Pourtant, si on y regarde de plus près, Mickey and the bear arrive à déjouer certains écueils de ce genre de récit, où la colère et la violence prennent souvent le pas. Annabelle Attanasio préfère mettre au centre de son film l’attachement, l’amour que son héroïne, Mickey, ressent malgré tout pour son père, prête à renoncer à un maigre espoir d’avenir pour ne pas le laisser sombrer, seul. Loin des stéréotypes de lycée américain, Mickey grandit dans une toute petite ville du Montana, où le luxe n’a jamais dû s’installer. Son foyer se résume à un mobile home au toit fuyant, et à un père alcoolique qu’elle doit constamment aller chercher au bureau du shérif. L’ours du titre est loin d’être le père violent, alcoolique stéréotypé. Au fur et à mesure, on apprend qu’il est vétéran de guerre, suivi psychologiquement et souffrant de trouble de stress post-traumatique.
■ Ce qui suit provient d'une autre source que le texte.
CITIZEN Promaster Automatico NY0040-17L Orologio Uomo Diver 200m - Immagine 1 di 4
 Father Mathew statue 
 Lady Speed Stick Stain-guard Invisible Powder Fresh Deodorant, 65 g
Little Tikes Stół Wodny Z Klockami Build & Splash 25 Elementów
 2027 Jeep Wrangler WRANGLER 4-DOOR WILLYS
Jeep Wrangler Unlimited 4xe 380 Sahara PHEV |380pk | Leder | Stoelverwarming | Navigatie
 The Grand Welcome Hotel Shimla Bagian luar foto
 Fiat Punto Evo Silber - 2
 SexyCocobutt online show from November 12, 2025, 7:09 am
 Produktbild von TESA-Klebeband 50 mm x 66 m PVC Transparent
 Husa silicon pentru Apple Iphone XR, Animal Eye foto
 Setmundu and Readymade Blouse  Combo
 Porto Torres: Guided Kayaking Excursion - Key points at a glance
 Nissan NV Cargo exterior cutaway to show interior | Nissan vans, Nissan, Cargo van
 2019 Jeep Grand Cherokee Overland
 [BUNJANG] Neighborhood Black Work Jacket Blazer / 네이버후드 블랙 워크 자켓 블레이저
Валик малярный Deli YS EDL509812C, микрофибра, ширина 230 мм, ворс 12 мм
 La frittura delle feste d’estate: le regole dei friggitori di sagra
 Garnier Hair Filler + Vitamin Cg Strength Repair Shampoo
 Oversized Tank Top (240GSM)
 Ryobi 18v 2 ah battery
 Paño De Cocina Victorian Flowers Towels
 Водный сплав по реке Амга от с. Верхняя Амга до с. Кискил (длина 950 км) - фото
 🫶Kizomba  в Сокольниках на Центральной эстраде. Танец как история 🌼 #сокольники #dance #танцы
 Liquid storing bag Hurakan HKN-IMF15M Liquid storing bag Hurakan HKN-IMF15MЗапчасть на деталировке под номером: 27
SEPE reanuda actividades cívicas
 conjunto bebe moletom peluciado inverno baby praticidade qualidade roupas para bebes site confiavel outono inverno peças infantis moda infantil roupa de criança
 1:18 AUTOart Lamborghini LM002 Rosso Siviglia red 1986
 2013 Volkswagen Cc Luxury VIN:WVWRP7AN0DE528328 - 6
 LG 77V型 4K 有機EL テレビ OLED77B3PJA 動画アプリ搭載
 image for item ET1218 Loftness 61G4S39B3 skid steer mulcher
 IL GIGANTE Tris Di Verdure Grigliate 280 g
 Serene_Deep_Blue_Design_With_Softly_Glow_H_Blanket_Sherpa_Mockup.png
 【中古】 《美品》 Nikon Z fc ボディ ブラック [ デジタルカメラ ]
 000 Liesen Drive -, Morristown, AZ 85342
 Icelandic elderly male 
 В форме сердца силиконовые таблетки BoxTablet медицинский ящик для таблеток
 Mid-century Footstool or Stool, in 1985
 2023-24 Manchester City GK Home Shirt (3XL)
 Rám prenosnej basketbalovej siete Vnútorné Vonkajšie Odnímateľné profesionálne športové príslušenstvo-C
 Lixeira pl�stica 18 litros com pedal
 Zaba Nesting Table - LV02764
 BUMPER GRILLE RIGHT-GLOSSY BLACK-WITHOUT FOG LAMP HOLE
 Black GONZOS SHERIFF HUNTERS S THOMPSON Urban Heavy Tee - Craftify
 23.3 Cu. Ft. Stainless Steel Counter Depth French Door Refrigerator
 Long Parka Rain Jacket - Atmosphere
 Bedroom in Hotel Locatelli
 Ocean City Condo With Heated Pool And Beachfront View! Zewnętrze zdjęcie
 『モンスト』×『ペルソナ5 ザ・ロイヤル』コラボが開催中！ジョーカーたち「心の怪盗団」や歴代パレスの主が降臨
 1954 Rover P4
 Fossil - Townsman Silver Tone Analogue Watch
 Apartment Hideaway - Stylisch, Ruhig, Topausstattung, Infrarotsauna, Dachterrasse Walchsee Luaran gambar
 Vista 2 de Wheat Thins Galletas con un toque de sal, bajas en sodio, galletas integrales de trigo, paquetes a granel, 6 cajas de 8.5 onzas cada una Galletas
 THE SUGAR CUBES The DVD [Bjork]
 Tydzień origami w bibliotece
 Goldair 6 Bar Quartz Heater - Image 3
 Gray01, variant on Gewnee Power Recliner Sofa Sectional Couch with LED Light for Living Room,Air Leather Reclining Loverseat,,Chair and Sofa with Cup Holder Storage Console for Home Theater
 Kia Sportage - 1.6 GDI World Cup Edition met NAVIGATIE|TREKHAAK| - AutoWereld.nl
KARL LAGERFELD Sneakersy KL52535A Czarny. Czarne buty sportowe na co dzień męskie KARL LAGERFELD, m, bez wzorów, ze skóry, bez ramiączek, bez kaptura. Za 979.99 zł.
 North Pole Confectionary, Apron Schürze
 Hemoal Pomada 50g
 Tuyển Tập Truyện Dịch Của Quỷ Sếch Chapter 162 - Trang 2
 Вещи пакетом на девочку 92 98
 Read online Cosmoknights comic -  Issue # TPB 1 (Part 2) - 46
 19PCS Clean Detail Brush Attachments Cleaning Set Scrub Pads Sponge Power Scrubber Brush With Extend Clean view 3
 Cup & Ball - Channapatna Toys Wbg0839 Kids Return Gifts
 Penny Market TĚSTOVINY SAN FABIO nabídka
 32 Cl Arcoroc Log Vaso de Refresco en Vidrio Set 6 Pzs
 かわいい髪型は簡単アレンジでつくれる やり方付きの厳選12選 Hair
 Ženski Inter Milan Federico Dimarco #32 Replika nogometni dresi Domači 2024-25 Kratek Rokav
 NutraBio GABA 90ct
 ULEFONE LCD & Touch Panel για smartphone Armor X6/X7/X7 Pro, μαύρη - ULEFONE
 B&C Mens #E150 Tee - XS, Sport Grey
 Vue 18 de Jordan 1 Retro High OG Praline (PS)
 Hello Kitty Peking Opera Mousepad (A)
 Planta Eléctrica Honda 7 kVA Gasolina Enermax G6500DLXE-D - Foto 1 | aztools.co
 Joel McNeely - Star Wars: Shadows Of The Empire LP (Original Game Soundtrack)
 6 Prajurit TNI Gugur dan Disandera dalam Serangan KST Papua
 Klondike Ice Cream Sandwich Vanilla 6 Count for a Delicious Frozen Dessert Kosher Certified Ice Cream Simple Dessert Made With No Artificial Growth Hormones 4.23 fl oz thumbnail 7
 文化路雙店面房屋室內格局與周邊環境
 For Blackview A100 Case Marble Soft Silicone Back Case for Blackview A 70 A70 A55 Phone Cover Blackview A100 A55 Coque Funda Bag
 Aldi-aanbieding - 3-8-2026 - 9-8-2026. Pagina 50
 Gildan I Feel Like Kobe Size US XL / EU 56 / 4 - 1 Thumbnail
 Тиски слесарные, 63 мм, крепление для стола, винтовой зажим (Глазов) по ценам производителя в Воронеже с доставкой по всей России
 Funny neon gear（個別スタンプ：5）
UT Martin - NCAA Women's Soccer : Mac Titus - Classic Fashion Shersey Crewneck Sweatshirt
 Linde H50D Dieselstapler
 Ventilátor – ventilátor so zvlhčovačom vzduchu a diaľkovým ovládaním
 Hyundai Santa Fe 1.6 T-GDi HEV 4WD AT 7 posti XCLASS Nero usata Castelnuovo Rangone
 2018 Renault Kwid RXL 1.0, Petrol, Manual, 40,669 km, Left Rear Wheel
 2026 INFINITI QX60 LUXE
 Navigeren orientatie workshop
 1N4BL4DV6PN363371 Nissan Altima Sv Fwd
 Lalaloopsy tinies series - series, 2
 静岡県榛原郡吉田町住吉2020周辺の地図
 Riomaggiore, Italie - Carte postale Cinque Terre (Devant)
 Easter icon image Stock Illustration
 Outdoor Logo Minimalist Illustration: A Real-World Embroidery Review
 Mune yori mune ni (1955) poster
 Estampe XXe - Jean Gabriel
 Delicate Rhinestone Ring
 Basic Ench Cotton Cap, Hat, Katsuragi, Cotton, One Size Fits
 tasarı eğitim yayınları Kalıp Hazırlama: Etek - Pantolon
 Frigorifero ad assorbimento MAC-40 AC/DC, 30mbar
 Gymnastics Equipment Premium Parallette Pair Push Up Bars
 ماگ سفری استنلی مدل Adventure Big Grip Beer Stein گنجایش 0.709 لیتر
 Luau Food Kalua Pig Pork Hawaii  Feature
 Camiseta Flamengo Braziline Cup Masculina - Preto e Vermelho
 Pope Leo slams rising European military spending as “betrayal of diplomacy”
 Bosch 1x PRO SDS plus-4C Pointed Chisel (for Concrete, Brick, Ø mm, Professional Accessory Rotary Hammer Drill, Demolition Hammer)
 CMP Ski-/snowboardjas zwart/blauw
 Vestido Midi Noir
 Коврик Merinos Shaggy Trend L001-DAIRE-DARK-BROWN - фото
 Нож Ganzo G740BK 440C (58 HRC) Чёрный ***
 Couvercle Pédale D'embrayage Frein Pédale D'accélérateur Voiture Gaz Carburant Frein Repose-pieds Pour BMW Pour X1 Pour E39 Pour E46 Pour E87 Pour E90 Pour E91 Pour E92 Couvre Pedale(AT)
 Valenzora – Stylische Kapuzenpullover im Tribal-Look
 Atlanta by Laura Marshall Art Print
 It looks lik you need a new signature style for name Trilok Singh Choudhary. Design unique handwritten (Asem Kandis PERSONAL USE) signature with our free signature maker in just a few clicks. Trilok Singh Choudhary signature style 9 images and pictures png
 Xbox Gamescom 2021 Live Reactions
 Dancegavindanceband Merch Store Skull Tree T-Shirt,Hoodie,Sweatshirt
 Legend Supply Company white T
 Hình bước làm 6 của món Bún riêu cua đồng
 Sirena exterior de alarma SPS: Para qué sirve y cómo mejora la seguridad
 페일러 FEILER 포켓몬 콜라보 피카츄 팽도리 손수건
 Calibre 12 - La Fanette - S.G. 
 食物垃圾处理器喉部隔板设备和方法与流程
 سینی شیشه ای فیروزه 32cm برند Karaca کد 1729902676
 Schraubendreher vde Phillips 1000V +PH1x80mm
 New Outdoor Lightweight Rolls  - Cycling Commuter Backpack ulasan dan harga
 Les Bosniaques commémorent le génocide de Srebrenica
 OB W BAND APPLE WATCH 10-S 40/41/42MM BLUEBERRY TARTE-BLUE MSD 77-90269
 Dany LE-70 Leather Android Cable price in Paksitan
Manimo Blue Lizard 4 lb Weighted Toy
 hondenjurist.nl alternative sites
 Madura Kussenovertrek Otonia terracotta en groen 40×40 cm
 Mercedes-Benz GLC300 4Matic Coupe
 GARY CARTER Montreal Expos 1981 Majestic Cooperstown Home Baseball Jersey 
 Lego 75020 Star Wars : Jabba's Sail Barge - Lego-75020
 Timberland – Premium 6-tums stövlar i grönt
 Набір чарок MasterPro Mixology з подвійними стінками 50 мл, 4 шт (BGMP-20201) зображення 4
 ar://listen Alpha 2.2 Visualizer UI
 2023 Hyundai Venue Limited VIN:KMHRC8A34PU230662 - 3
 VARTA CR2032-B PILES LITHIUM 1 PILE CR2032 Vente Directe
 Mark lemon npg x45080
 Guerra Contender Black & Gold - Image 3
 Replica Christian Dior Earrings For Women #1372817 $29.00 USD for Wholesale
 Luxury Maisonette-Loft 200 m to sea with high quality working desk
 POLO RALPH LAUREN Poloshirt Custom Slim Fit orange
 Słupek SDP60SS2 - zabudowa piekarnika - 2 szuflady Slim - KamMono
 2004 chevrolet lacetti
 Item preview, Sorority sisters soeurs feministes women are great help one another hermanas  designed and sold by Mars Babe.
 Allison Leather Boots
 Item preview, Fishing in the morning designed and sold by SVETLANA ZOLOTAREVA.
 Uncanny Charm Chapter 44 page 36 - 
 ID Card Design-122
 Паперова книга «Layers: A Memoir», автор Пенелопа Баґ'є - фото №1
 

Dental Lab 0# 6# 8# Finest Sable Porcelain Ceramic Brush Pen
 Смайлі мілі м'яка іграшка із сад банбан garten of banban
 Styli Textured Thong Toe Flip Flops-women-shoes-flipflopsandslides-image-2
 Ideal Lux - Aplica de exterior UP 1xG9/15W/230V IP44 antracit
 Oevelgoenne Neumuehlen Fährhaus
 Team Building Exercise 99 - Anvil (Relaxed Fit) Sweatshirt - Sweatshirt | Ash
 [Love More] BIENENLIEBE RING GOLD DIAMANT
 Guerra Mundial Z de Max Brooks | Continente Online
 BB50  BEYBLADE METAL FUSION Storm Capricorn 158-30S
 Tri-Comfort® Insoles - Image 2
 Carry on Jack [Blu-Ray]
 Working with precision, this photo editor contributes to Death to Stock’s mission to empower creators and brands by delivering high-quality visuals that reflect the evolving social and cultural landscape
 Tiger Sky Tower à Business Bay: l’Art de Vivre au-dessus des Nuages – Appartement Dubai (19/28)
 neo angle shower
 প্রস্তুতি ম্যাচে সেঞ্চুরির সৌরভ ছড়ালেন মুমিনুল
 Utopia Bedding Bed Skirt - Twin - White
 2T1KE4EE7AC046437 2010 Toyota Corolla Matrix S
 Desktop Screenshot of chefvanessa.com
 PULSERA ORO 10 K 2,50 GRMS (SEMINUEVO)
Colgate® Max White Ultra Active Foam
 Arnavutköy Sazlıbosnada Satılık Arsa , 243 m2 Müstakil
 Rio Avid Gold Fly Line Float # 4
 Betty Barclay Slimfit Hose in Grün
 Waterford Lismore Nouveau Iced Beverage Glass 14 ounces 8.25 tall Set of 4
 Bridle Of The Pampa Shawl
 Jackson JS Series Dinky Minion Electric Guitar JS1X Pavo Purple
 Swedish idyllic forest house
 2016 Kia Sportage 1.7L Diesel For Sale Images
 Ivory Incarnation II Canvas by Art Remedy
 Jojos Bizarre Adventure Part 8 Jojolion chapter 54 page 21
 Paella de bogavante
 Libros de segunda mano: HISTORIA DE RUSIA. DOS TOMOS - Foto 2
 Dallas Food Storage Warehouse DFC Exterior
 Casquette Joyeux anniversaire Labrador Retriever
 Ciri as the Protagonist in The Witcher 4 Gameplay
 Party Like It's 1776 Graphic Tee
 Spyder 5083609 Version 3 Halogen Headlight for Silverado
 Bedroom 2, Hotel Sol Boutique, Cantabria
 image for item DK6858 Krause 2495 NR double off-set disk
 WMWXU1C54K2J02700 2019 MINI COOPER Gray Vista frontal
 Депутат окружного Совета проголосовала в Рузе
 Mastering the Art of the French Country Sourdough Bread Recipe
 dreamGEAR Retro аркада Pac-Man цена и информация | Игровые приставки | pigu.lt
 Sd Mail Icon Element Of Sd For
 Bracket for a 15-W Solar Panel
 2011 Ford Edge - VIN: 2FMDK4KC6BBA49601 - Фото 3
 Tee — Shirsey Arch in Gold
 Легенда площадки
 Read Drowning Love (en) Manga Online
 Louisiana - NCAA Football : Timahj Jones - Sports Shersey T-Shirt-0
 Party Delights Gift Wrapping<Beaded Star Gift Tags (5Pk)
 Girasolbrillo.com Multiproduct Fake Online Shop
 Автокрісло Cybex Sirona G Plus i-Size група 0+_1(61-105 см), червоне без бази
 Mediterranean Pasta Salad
Le spectateur ne saura jamais vraiment ce qui est arrivé à sa mère, mais Mickey détient une charge mentale conséquente, et se sépare en deux : une adolescente “normal”, avec son petit-ami Aron, ainsi qu’une femme au foyer, qui s’occupe aussi des médicaments de son père. Bientôt diplômée, une question va vite se poser. Peut-elle partir à l’université ? Peut-elle quitter son père, qui s’auto-détruit de plus en plus ? Peut-elle même en rêver sans culpabiliser ?
Se détacher, s’enfuir, sont des principes de l’émancipation. Il n’est jamais facile de quitter une situation que l’on connaît, aussi horrible soit-elle, pour se lancer dans l’inconnu. Il est là tout l’enjeu du film, qui loin d’être un énième récit dénonçant les inégalités et le peu d’opportunité pour une classe sociale abandonnée, nous montre l’éveil d’une jeune femme, qui se rend compte qu’elle détient beaucoup plus d’ambition et de rêve qu’elle veut le faire croire. La petite ville du Montana, en plus d’être pauvre, est gangrené par une masculinité qui laisse peu de place aux femmes. Aron, le petit-ami de Mickey ne lui demande jamais son avis, si son consentement pour un acte sexuel. Son père trouve normal qu’elle sacrifie son avenir pour son bien-être. Pourtant, elle demandera son indépendance avec calme et détermination, tranchant avec le trope de la femme émancipatrice en colère. Son salut prend la forme de Wyatt, un étudiant anglais qui ne ressemble en rien aux hommes qu’elle côtoie. Doux, ambitieux, il sait ce qu’il veut, tout en étant très respectueux des aspirations de la jeune fille. Une façon de faire le parallèle avec le caractère puéril et toxique de Aron et l'ambiguïté et la violence de son père.
Portrait d’une jeune femme en plein éveil, Mickey and the bear ne brille pas par son originalité, mais arrive à tirer son épingle du jeu grâce à un angle novateur : les premières victimes des laissés-pour-compte sont les femmes. Porté par Camila Morrone, la cinéaste porte à l’écran notre époque, où dans un récit intime, à la violence sourde, elle arrive à nous faire passer un message : le temps où les femmes subissaient en silence est révolu.